A Rule is any set of instructions which given the Levels of one or more parent Variables specifies a result in terms of the Levels of a child Variable. It is an algorithm which humans, and/or possibly machines, can follow in order to calculate some outcome on a child Variable in terms of the Level(s) of one or more parent Variables. We use Rules inside our Theories about Mechanisms to make more or less precise predictions about how things will turn out. Within Theories, Rules encode our more or less limited (“causal”) knowledge of how the world works.

Student satisfaction with school 

 Student feels they live up to expectations

 Student feels fulfilled

 Student feels supported and liked

The two red symbols on the predicted Variables show that we have some kind of Rule or principle, however vague, which tells us how the expected Level of the child Variable depends, at least to some extent, on the Level of the parent Variable(s). In particular, the rising red arrows (which are the default for simple Theories) show that we believe that in each case the influence of the parent Variable(s) are in some sense positive, i.e. the child Variable increases as the parent Variable(s) increase.

The upward-sloping black triangle shows that each Variable in this Theory is ordered - see xx.

We will look at the red half-circle symbol later.

We can think of the black symbol and the red arrow symbol as representing two different aspects of the same Variable: the “data Variable” represented by the black symbol and the “Rule Variable” represented by the red symbol. In a specific instance, the Rule will most often predict a Level which is more or less different from the Level recorded for the actual “data Variable”. So the two are in a kind of tension.

Specifying a Rule

In this example, two no/yes parent Variables completely control one no/yes child Variable. (In practice, other Variables will be involved … and we would have to say something about the timing of these Variables too, see xx)

Paper catches fire ((no,yes)) !Rule: see table below

 Presence of enough oxygen ((no,yes))

 Match is struck ((no,yes))

So in this case it is easy to specify the Rule completely.

Fire? match struck =no match struck = yes
enough oxygen = no no no
enough oxygen = yes no yes

In this case, given fixed mass, the acceleration of the car depends completely and linearly on the force applied. Double the force, double the acceleration.

Acceleration of car !Rule: directly proportional

 Force applied to car

What does it mean to say one Variable influences another?

If A influences C, we can and should draw an arrow from A to C in our diagram. What does this mean? It just means that some Rule or other connects them.

In the simplistic first sections of this book, we will usually assume that it means changing between any of the Levels of A will always affect C.

More generally, we mean there are at least two Levels of A for which the Level of C is different: C is not always indifferent to the Level of A. So if I have reasonable soundproofing, I maybe don’t notice the children playing downstairs. But there is certainly a Level at which I do notice them, i.e. my level of irritation responds to the level of their noise.

The arrow means there is some kind of Rule, however incomplete, to say how the Level of the Consequence is influenced by one or more the Influences.

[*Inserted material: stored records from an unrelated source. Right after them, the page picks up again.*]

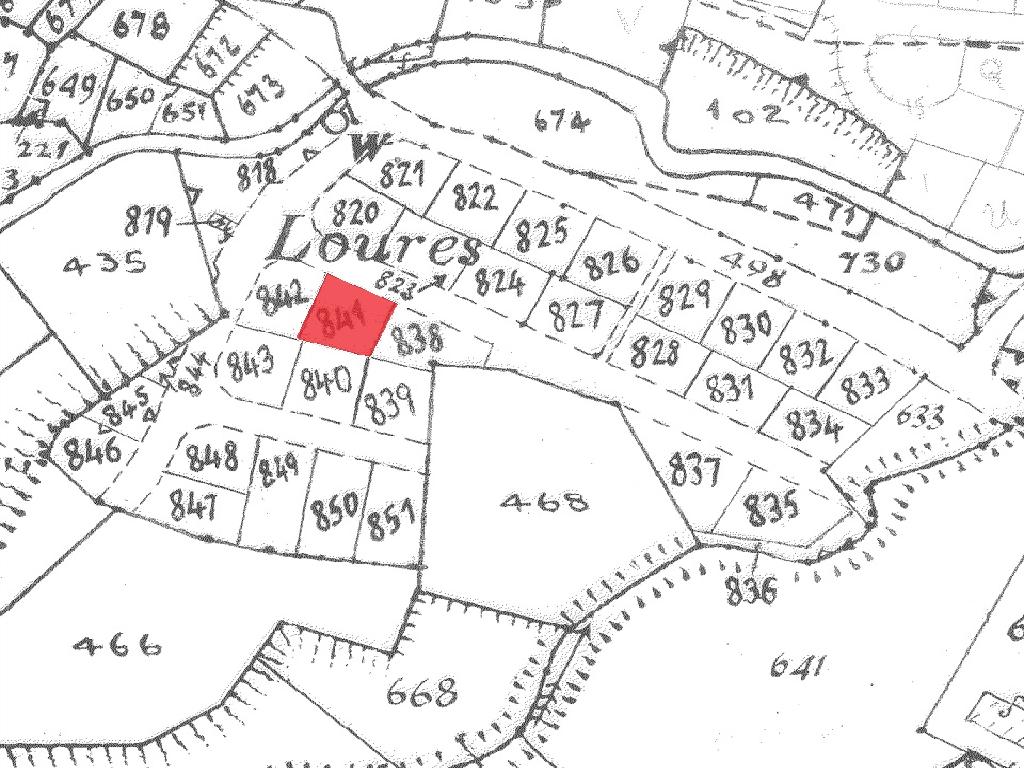 Plot-Sia-PR37708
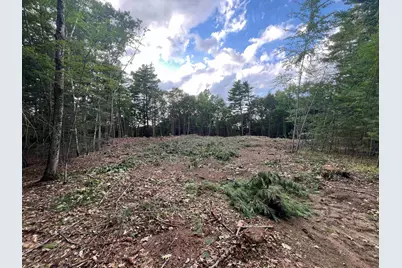 36-1 Partridge Path #36-1, Sandown, NH 03873 - Photo 2
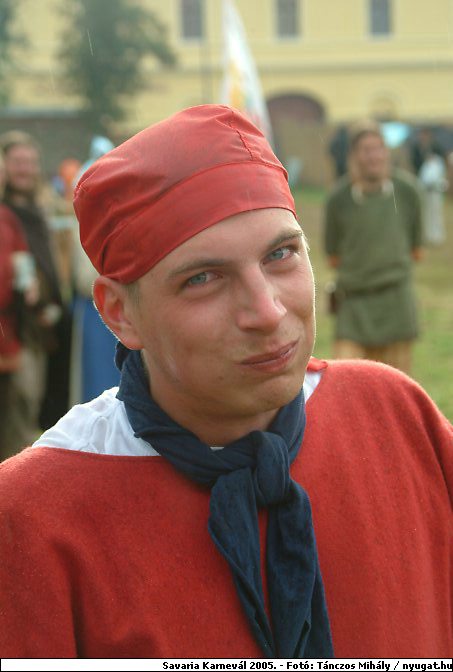 DSCF6284.jpg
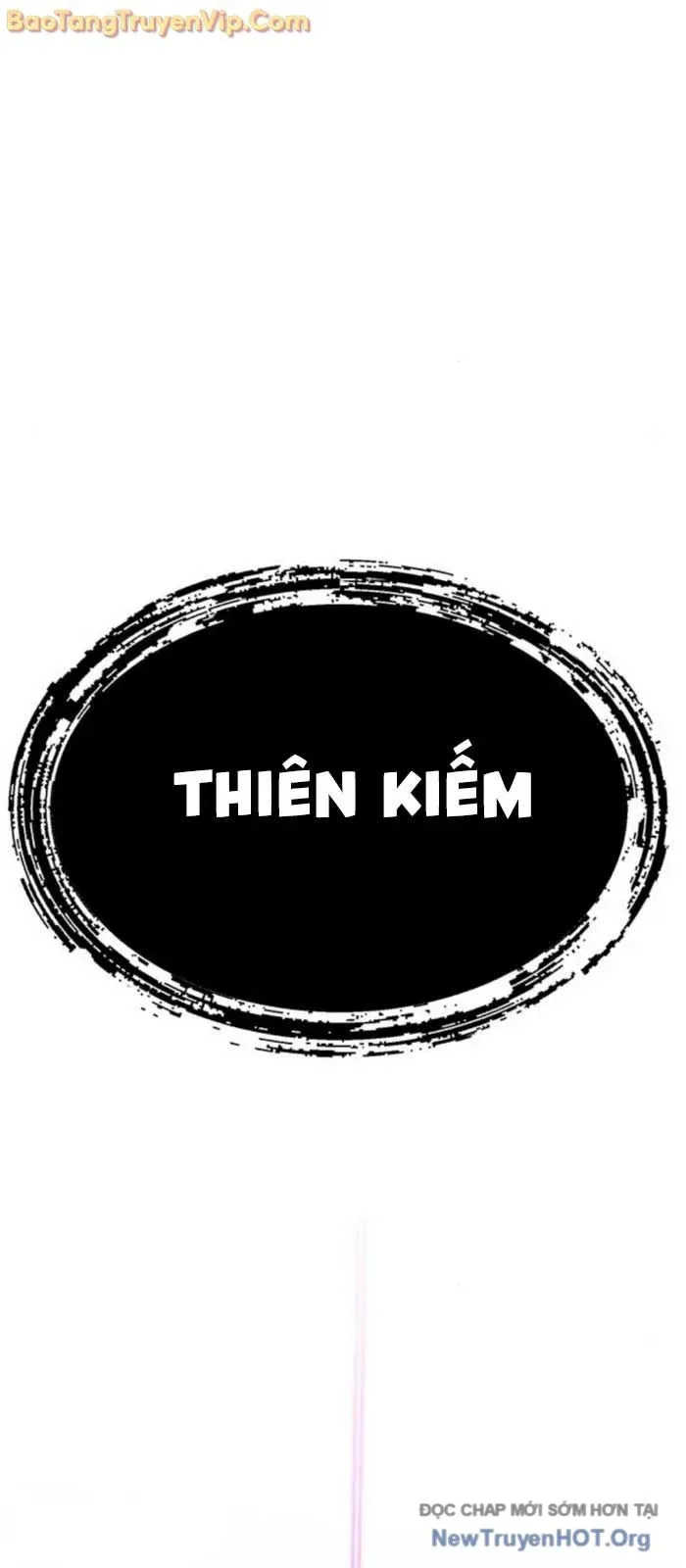 đọc truyện Thống Lĩnh Học Viện Chỉ Bằng Dao Sashimi Chương 48 ảnh 70 tại Truyện Dạ Ký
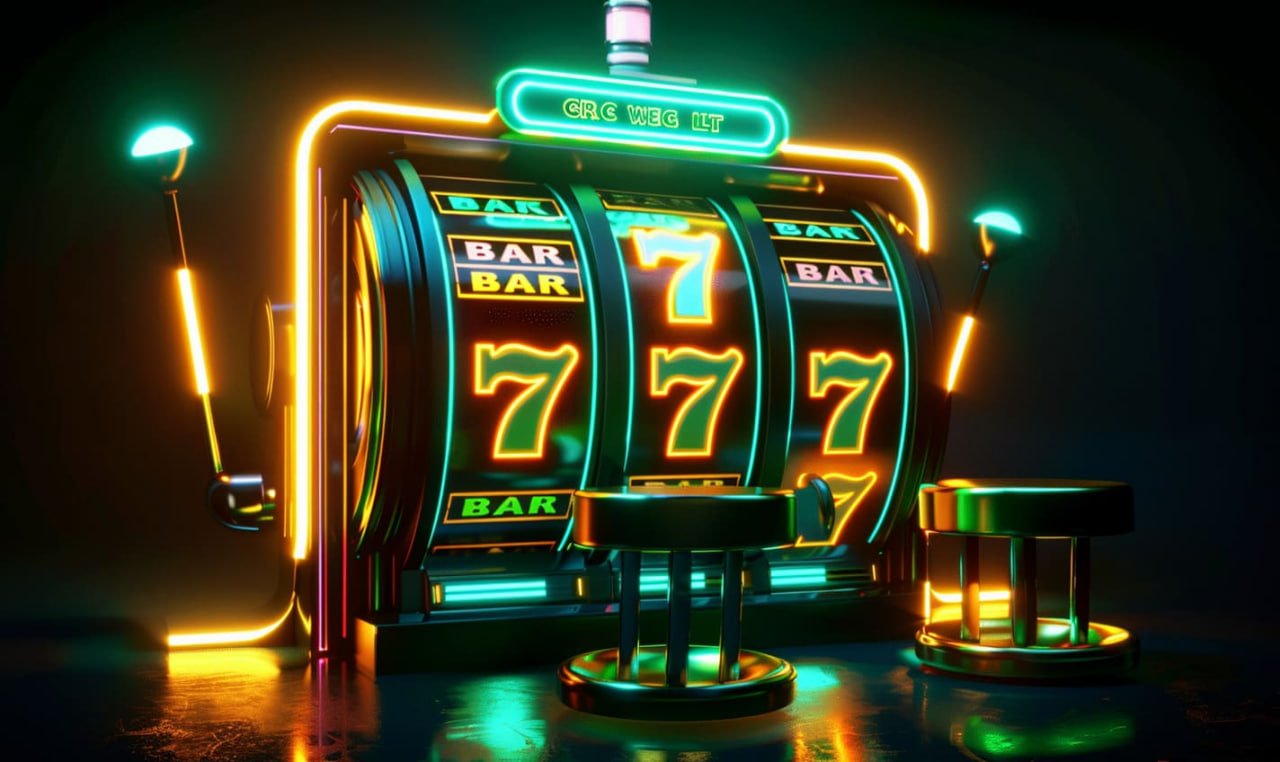 mega88apk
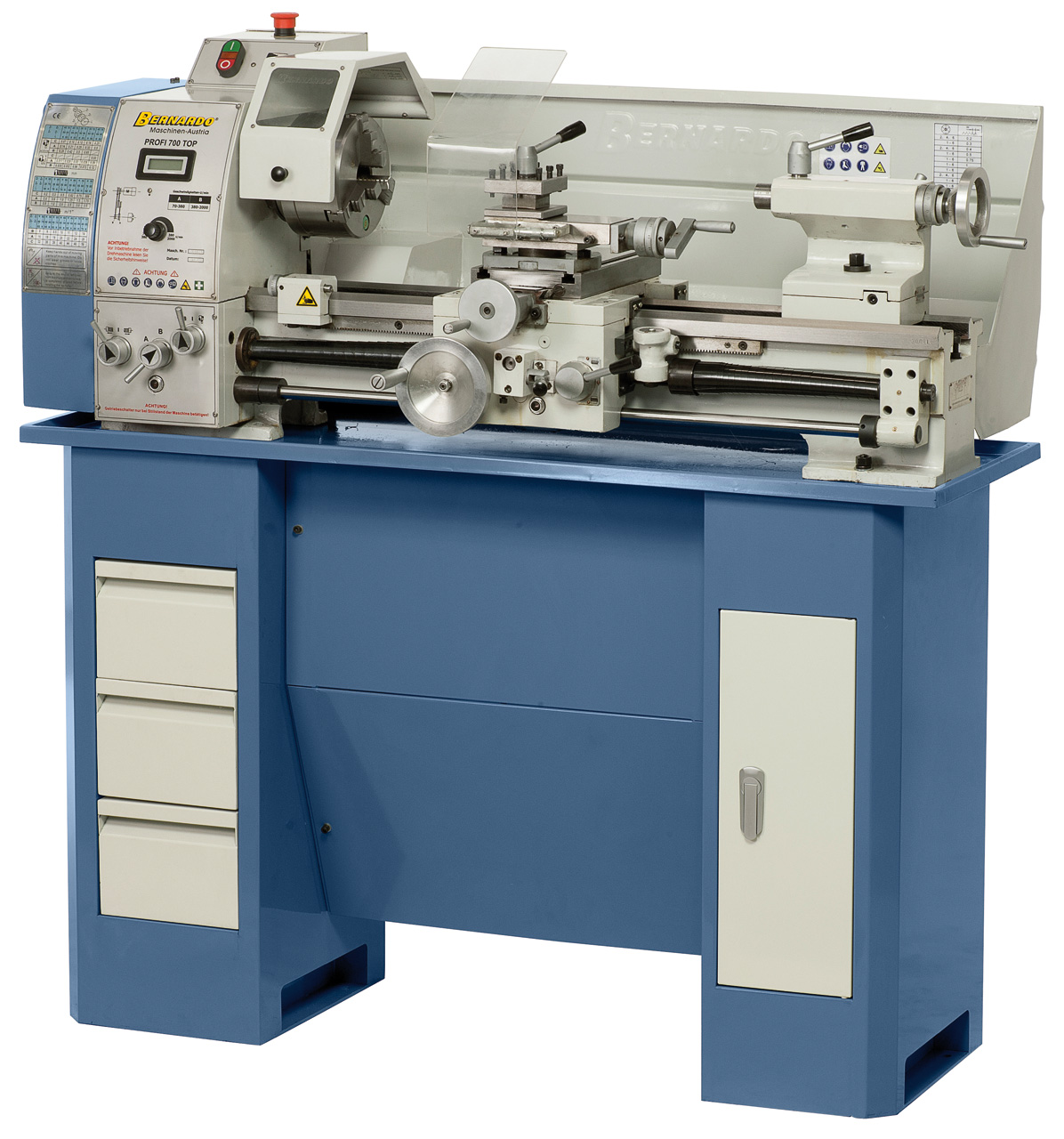 Profi700Top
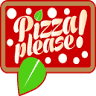Pizza Please Victoria Pier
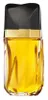 Estée Lauder Spray Parfums Femmes Knowing Voir les images du produit 2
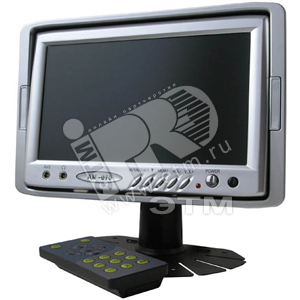 Монитор LCD 7' GF-AM 070 (GF-AM 070) - Giraffe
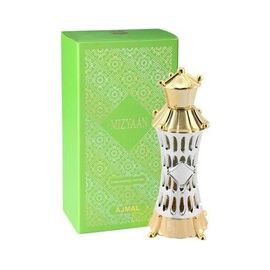 AJMAL MIZYAAN PERFUME OIL 14ML
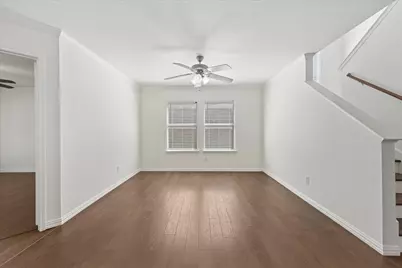 3609 Redstart Drive, Mesquite, TX 75181 - Photo 4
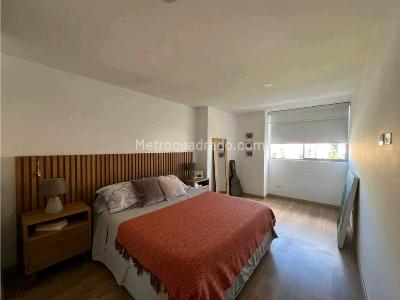Apartamento en venta en El Poblado, Medellín · foto 11 de 20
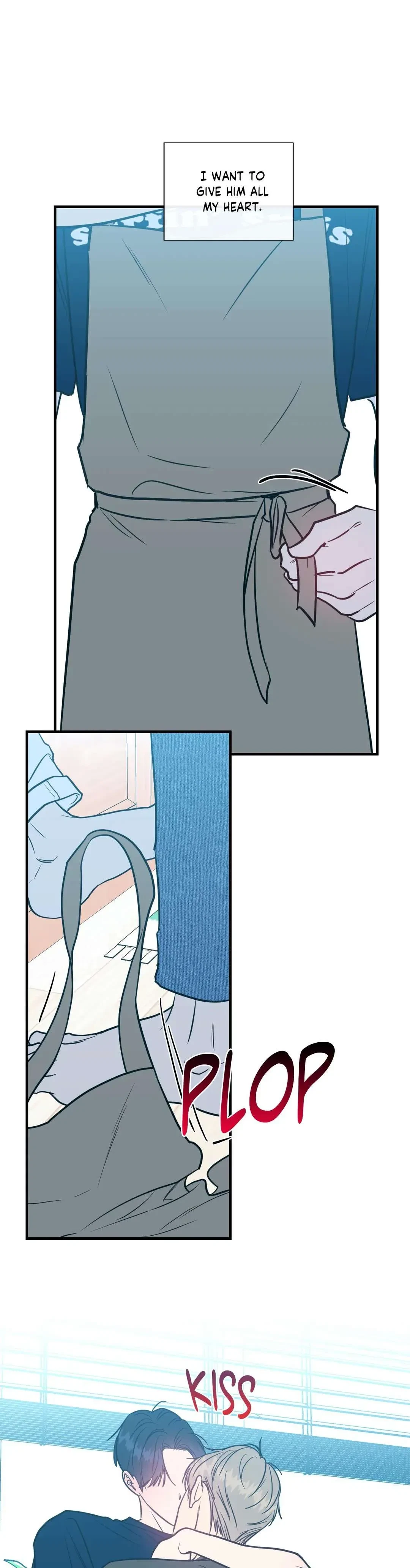 Chapter 38, page 23
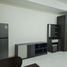 Studio Condo for rent at Supalai River Place, Bang Lamphu Lang, Khlong San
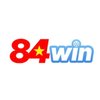 Avatar of 84Win
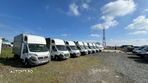 Fiat DUCATO - 10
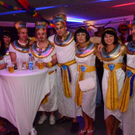 DSC_8709_JPG-1298716374.jpg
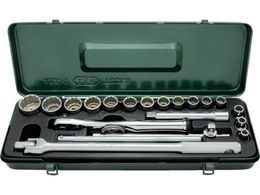 ASH {EFCu\Pbg`Zbg12.7~21PCS VO4250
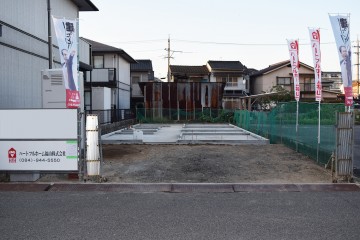 ⑨‐①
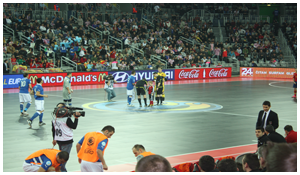 marketing-sponzorstva-special-events-team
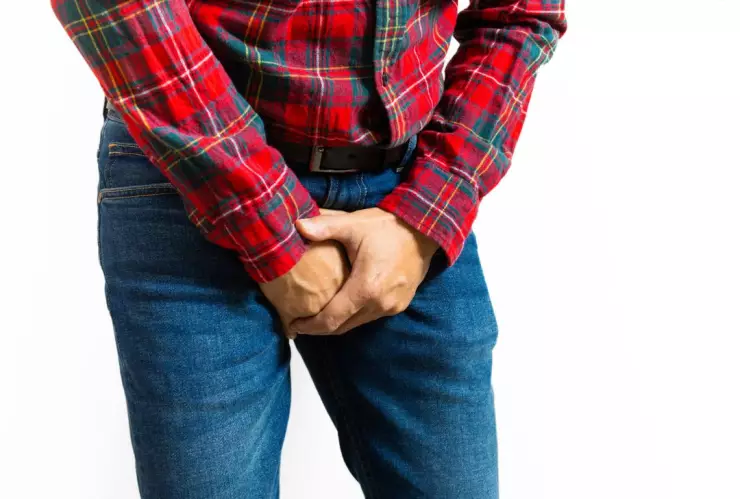 ¿Qué tan curable es el cáncer de próstata?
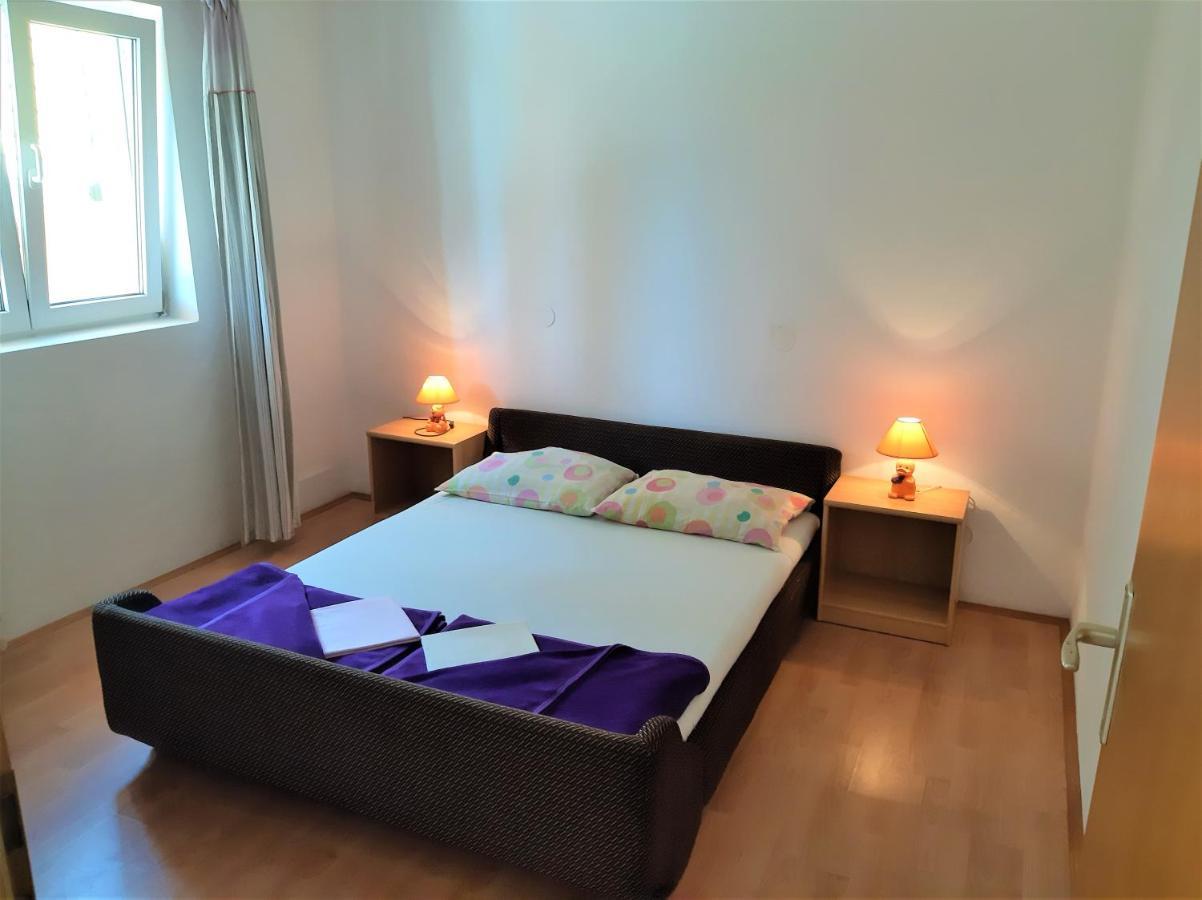 Cozy Apartments With Sea View 诺维·维诺多尔斯基 外观 照片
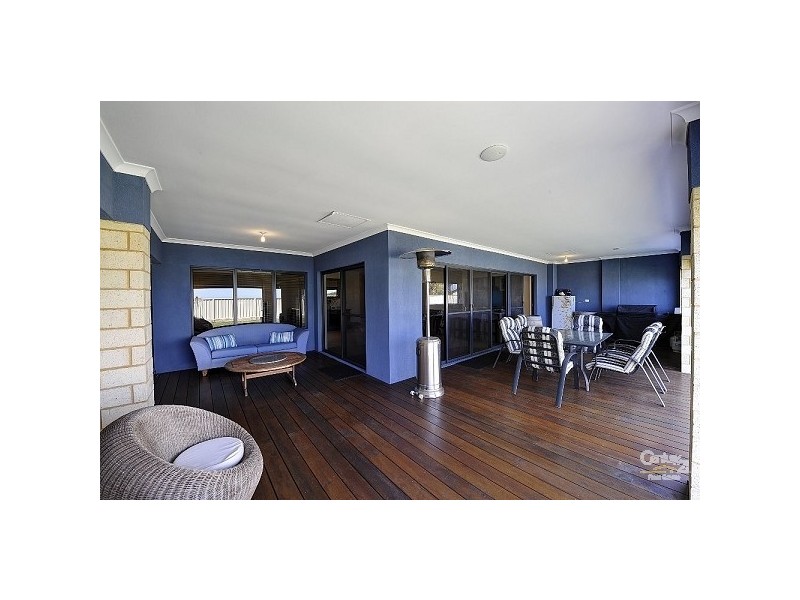 10 Meekatharra Place, Dawesville WA 6211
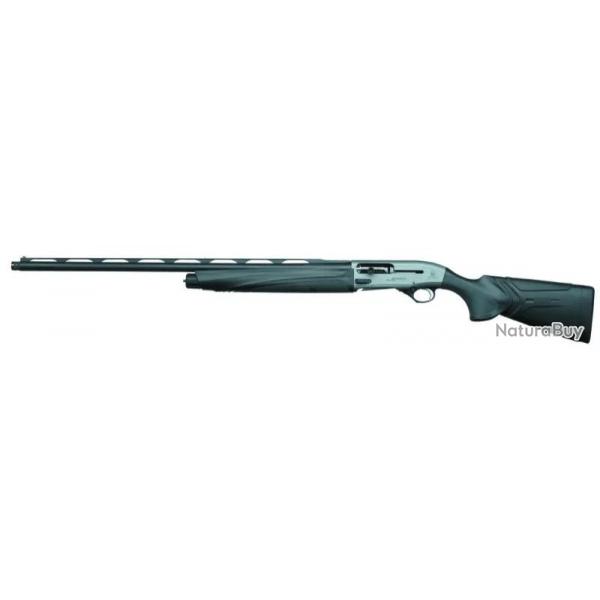 Fusil Semi-Automatique Beretta A400 Xtrem Plus Synth Gaucher Calibre 12 - Canon 76 cm
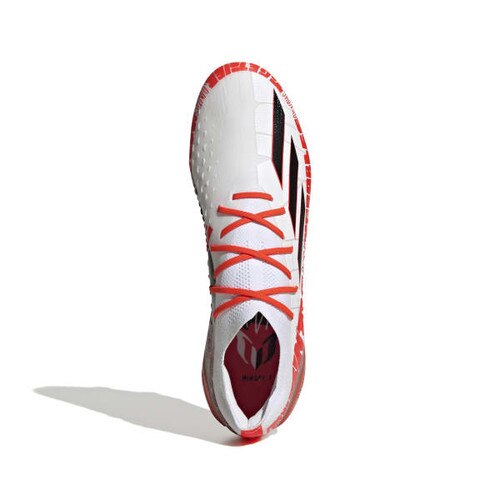 adidas X SPEEDPORTAL MESSI.1 FG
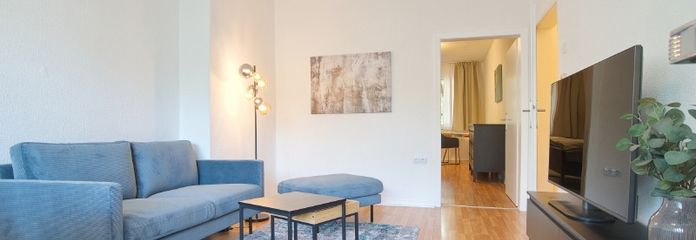 ***Modern, furnished one-bedroom apartment with balcony, in the Kreuzviertel – 3bd25d1139bc18cb21f80cf324c7c677d0036428.jpg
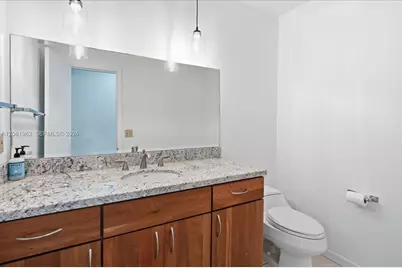 12365 SW 60th Ct, Pinecrest, FL 33156 - Photo 39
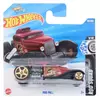 Hot Wheels: Srednji Mlin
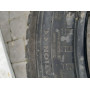 Автошини Nokian Hakkapeliitta Sport Utiliti 5 265/50 R20  111T 6мм  Зимова Б/У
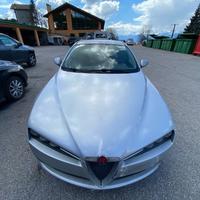 MUSATA PER ALFA ROMEO 159 1.9 JTD 2007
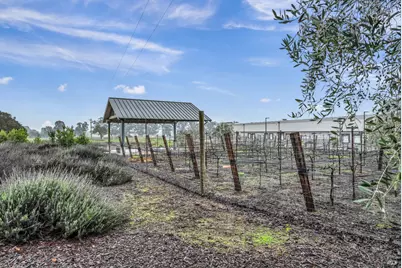 129 Devlin Road, Napa, CA 94558 - Photo 31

We already saw that a simple Theory may include the specification of a Rule, written as part of the Variable and preceded by !Rule.

A Rule is any set of instructions which given the Levels of one or more parent Variables specifies a result in terms of the Levels of a consequence Variable.

Often we have only a vague idea of how A influences B and nevertheless this influence might be critical to us.

Some Variable   !Rule: A very important influence

 Another Variable

A Rule may be vague or probabilistic or chaotic or non-linear or incomplete, providing it gives at least some information about effects of the influence Variables on the consequence Variable. Ideally, a Rule tells us something about the overall strength of the effect of the influence Variables on the consequence Variable. For example, do we only claim the mere existence of such a link, however weak, or is the consequence Variable mostly or even completely determined by the influence Variables?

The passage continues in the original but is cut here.